Directed by Tamra Davis, the film is a vehicle for Sandler to use funny voices, act stupid, and generally play the fool. It is one of those 90 minute films which feels like little more than an extended Saturday Night Live skit, but happily, a relatively funny SNL skit. And in fact, Sandler co-wrote the film with Tim Herlihy with whom Sandler worked at SNL.
The plot has the rich, idle, twentysomething Madison needing to go back to school (starting with first grade) in order to be allowed to take control of his father's hotel empire. We're told that Billy's father, Brian Madison (Darren McGavin), paid off teachers and routinely cheated to get his son through school the first time. Now that the time has come for Brian to retire though, he realizes that Billy is unable to take the company's reins, and instead opts to hand them off to the obviously evil Eric Gordon (Bradley Whitford). In order to get the company, Madison agrees to repeat school, completing a grade every two weeks.
Sandler plays Madison somewhere between a four-year-old and an adolescent, so he fits in perfectly with all the kids around him at school. He even ends up with an inappropriate crush on the "hot teacher," Veronica Vaughn (Bridgette Wilson), who, for perplexing reasons (other than that this is a movie and it therefore has to happen), falls for him too. Apparently all it takes for Vaughn to fall for a student is for him to be the right age and act marginally older than her average student. It doesn't really work as relationship, but the film manages to get away with it because every single scene in the entirety of the movie is absurd, so why not allow an absurd relationship to take place.

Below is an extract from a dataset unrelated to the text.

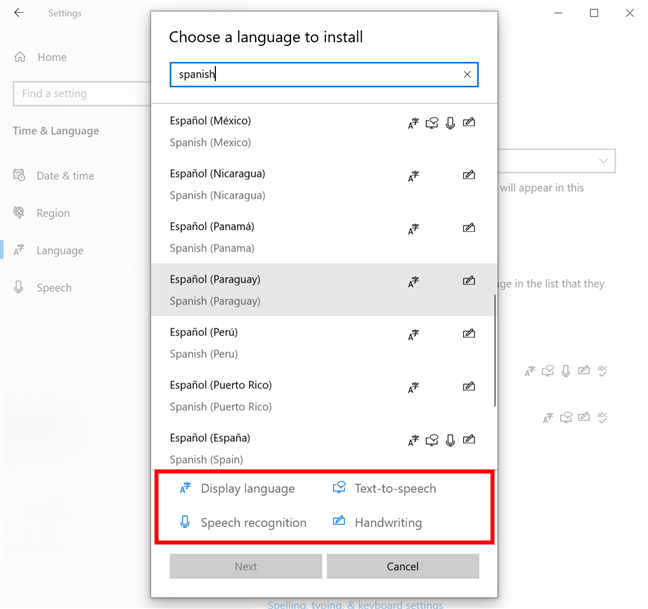 In Windows 10, change language to one that includes the features you want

Billy Madison is one of those films which has about five or six jokes in it that get repeated over and over again in the film, sometimes hitting better than others. When they do hit, they're strong and will unquestionably cause a chuckle… provided you don't have a strong objection to crude humor. The same sort of formula, but with a (somewhat) better story wrapped around it is used in Happy Gilmore, Herlihy and Sandler's follow-up to Madison.